彼は隣に座った寂雷に一瞥もくれず腰を浮かしかけた。が、彼はその場に引き付けられる。
ぎちりと固定されている腕。細く白い手からは想像もできない程の強さで腕を掴まれていた。
はじめて、寂雷の顔を見る。
な、に…。
悲痛な面持ち。今にも泣きそうな、去っていく母親の背を見送るような。
__あの時の_ _のような顔。
なに。
なんだよ。
なんで、そんな顔…。
「お願い。少し、話を聞いてほしい。」
嫌だ。
口を開きかけ、閉じる。あの顔を思い出すのは嫌だ。代わりに彼の中に嫌な記憶がダムが決壊するかの如く溢れ出す。
母の背を、言葉を、家族を悪として語る警察官たちの顔を__。
どうして?
信じていたのに、裏切られた。
違う。
俺のせい。
俺がこの人からすぐに離れればこんなことにはならなかったのに。
大嫌いだ。
会わなきゃよかった。
知らなきゃよかった。
どうして。
___知りたく、なかった。
「_…ど、して。」
こらえ切れなくなり、零れ出た言葉は音もたてず、しかし重く落ちる。地面に落ちて潰れる果実のようだった。

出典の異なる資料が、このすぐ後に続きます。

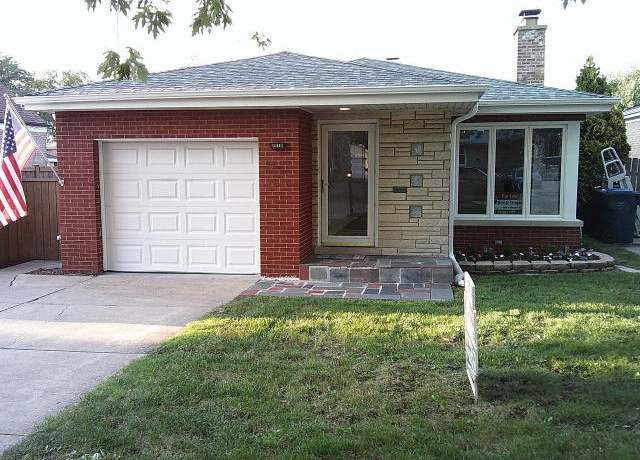 Property at 2918 W 99th Pl, Evergreen Park, IL 60805, 3 beds, 2 baths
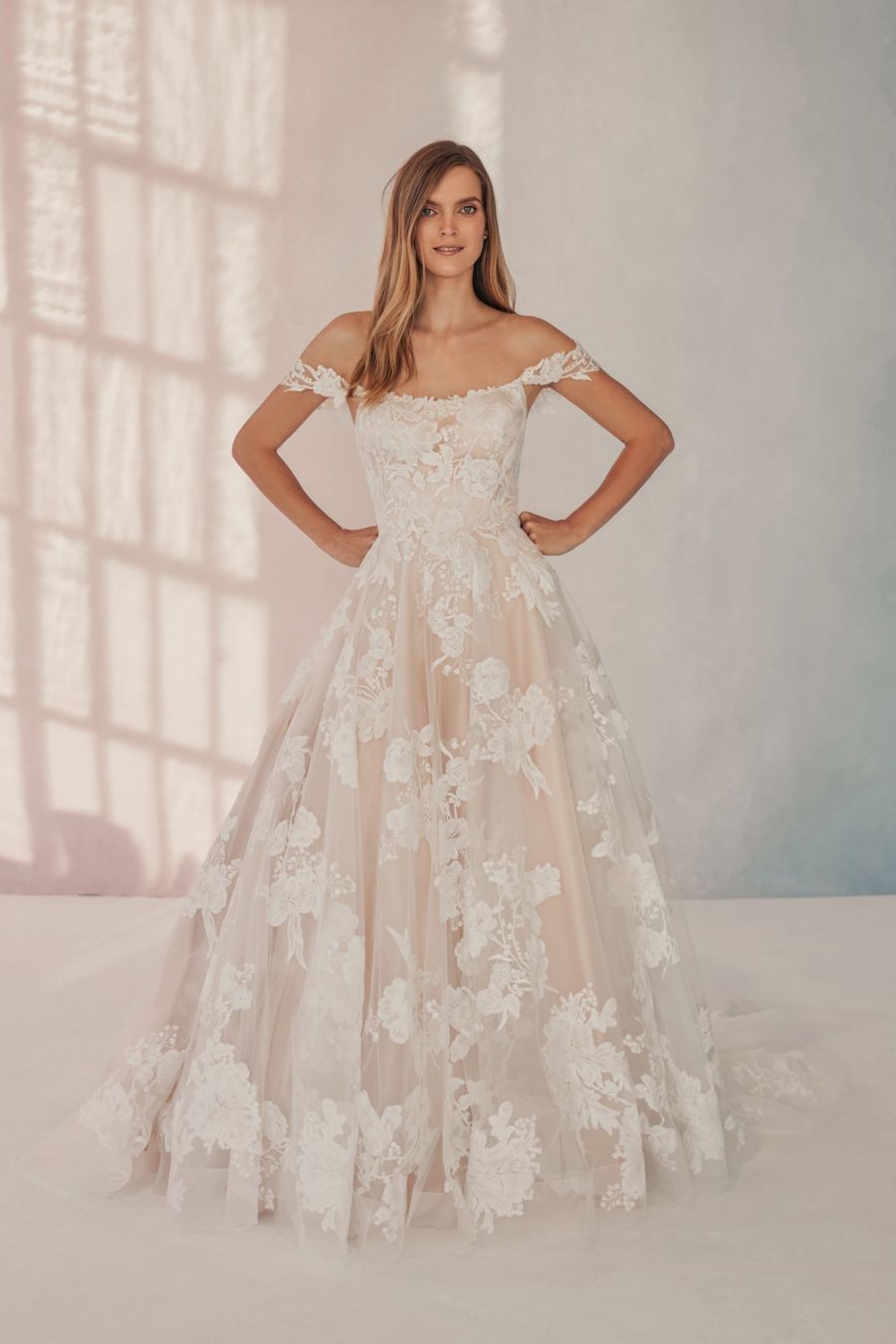 vestido noiva dourado ou off white qual melhor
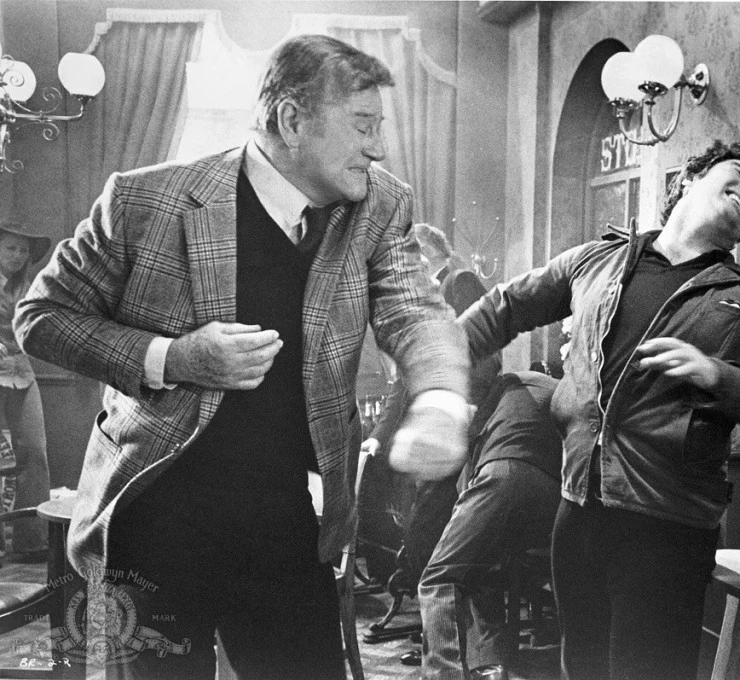 Брэнниган (1975) через торрент скачать Брэнниган (1975) фильм через торрент скачать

寂雷はどんな顔をしているだろう。悲しんでいるのか、それとも嘲笑しているのか。
しかし返ってきた言葉は、罅割れた壁に杭を打ち付けるような、そんな、衝撃。
「ごめんね。」
彼は寂雷の顔を凝視する。
悲しんでいるわけでもなく、嘲笑しているわけでもない。怒ってもいない。ただ、一本芯の通った蒼い瞳が、やっと目が合った彼を貫く。
「私は、私のしたことを君に謝ることはできない。ごめんね。」
辛くて、苦しくて、張り裂けそうだった。
いっそそうなってしまったら、どれほど楽だっただろう。
目の前の男は、何に謝罪しているんだ?
謝ることができないという謝罪。
綻んでいた彼の心が、ついに、崩潰する音が聞こえた気がした。
「な、んで…。」
「_なんで…どうして…おれ、に、とっては…」
誰が何と言おうと
「_俺にとっては大切だった…!!周りなんて関係ない…ただ、それだけが、幸せだった…なのに、あなたのせいだ、あなたの…ッ」
「アンタのせいよ。」
「アンタなんて、産まなきゃよかった。」
「…あ。」
「産まなきゃよかった。」
「あ、あ…。」
もう、彼には何も残されていない。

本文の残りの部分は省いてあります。